Commemorating the tricolour

Published in Editorial, Issue 4 (July/August 2023), Volume 31


In this issue, and in this year, the 175th since the ‘first’ flying of the Irish tricolour from the Wolfe Tone Confederate Club in Waterford on 7 March 1848, Sylvie Kleinman (pp 16–17) outlines the slightly more complicated evolution of the flag over the previous 50 years. She also reminds us that Thomas Francis Meagher was not the sole instigator but a team player in a collective enterprise; that ‘The colour of Ireland is green; of united Ireland green and orange’ (The Nation, 4 March 1848); and that the flag represents the unity of an Irish nation based on citizenship rather than religious affiliation. It is a citizenship, moreover, which in today’s Ireland is open to all residents of the country regardless of their origins. It is therefore deeply, and sadly, ironic that in recent months the national flag has become associated with the exact opposite—anti-immigrant demonstrations fanning the worst form of xenophobia and divisiveness. It is time, surely, for these self-styled ‘patriots’ to ‘take it down from the mast’.

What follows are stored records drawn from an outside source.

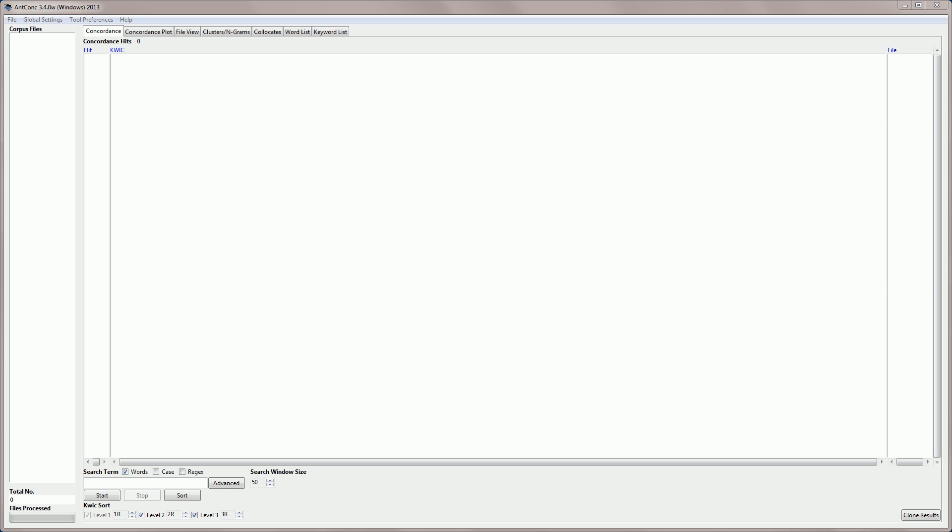Hello, I'm Laurence Anthony, and in this video I'm going to explain how to use the ANKONK concordance plot tool.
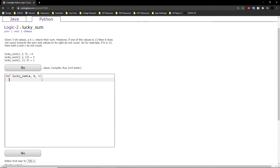First thing we want to do is create an integer variable called count, and we will make it 0 for now.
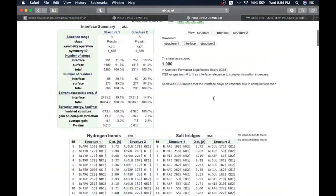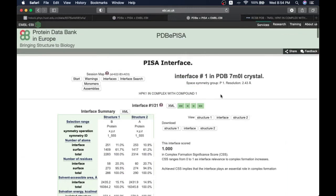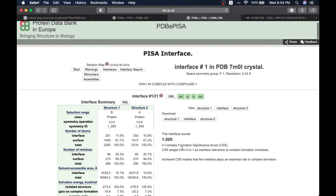You can explore PDBE PISA as one of the powerful tools to get detailed interactions present in the interfaces. The interface score of 1 indicates this is significant to consider as a biological interface.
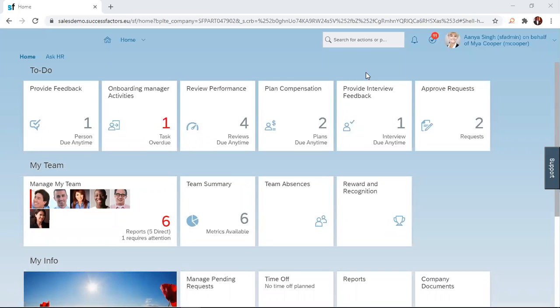Hello, welcome to our SuccessFactors How-To Series on Goal Management. Goal Management is important for every organization because it ensures that their employees are aligned.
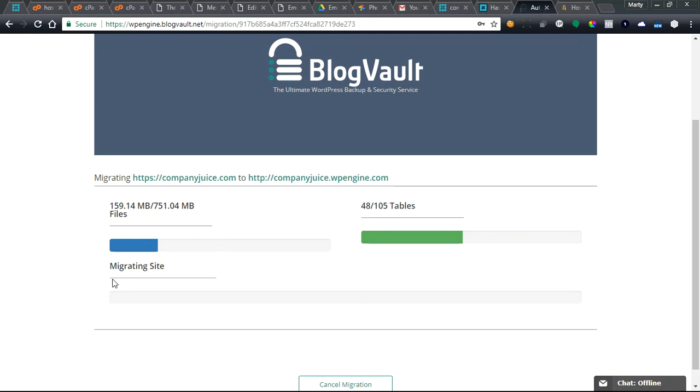That's a lot of files so if it gets over there correctly I'm gonna be a very happy webmaster. Okay, Marty McGee here with Company Juice.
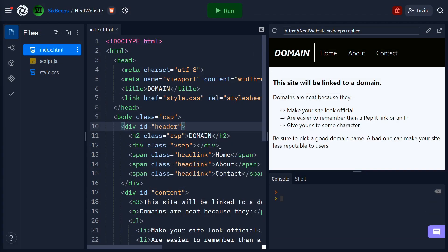Are you looking to link a domain to your repl.it website? This video will show you how to do exactly that in a few easy steps.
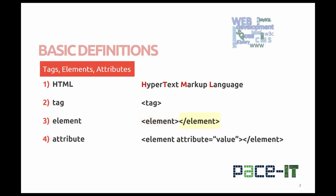That closing tag is a less than symbol, a slash, the tag name, and a greater than symbol. Additionally, elements can have attributes. Attributes further define what the element needs to do or how it is going to affect the look of the page.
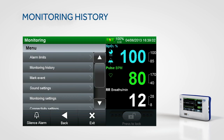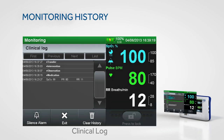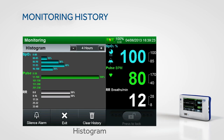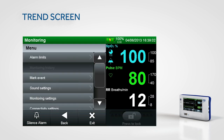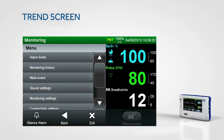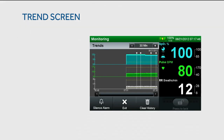Under the monitoring history submenu, you can review monitoring history by trend, clinical log, or histogram. To access the monitoring trend information, touch menu, monitoring history submenu, and select trends. From this menu, you can view real-time trend information.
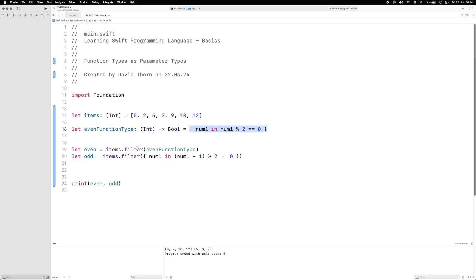This is function types as parameters, and they become super useful, amazingly useful in the future.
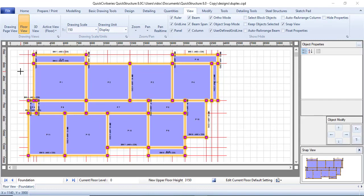Hello everyone, welcome to the eighth episode of the Quick Civil series for beginners. In the last episode I showed you the manual way of loading, analyzing, and designing your structure and how to produce the detail. In this episode I will be showing you the same thing but the automatic way of doing it.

Niamh O’Sullivan (pp 22–3) adds a new twist to the controversy arising from the ‘Spice Bag’ image of masked gardaí superimposed on a Famine-era eviction painting. The gardaí in question were ‘observing’—in case there was a breach of the peace—an eviction in 2018 in Dublin’s North Frederick Street being carried out by a private security firm. This was just one of several such incidents at the time where the evictors used strong-arm tactics, with which the gardaí effectively colluded. Even the most disinterested of observers must be scratching their heads at the apparent dichotomy between this robust response and the kid-glove tactics employed in respect of anti-immigrant protests.

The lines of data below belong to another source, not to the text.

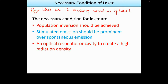Why should population inversion be achieved? Because we want stimulated emission. Stimulated emission will happen when the number of atoms in the higher energy state is greater. In the normal state, atoms are at the lower energy level, so there will be absorption rather than emission. We need emission, so the first condition is that population inversion should be achieved.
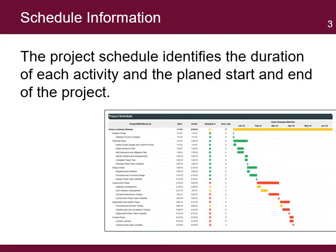The project schedule identifies the duration of each activity and the planned start and end of the project. Information to create the schedule comes from the WBS, which has all the activities identified for the project. The quality and completeness of the WBS will determine the quality of the schedule.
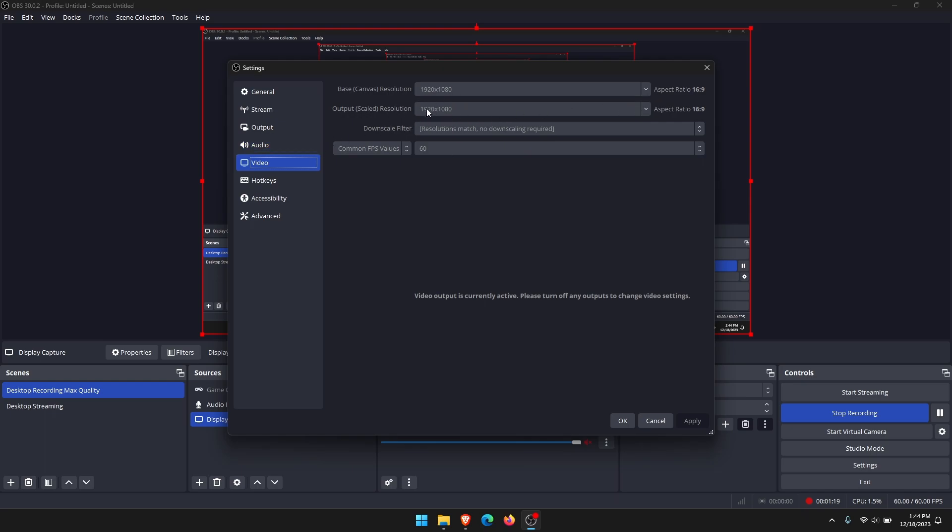To do this, just change the aspect ratio from the base canvas to something smaller. If you've got a 4K screen or a 1080p screen, try doing this in a smaller ratio, maybe 1280 by 720. Obviously I can't use the drop down menu because I'm recording, but that's a simple enough change you can do.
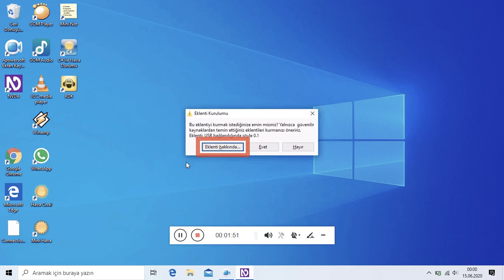Anonim açıklama: USB aygıtları bağlandığında bir anons duyarsınız. Eklenti Kurulumu İletişim Kutusu: Bu eklentiyi kurmak istediğinize emin misiniz? Yalnızca güvenilir kaynaklardan temin ettiğiniz eklentileri kurmanızı öneririz. Eklenti: USB bağlandığında söyle, versiyon 0.1, eklenti hakkında.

There are resonances, too, with the current refugee crisis in Fiona Fitzsimons’s article on the Palatines (p. 31). Fleeing war and religious persecution in the early eighteenth century, they were originally welcomed with open arms in England and in Ireland. When it was revealed that up to a third were Catholic, and not persecuted Protestants but economic refugees, Tory politicians played the ‘race card’ and warned that they would ‘blot out and extinguish the English race’. Plus ça change!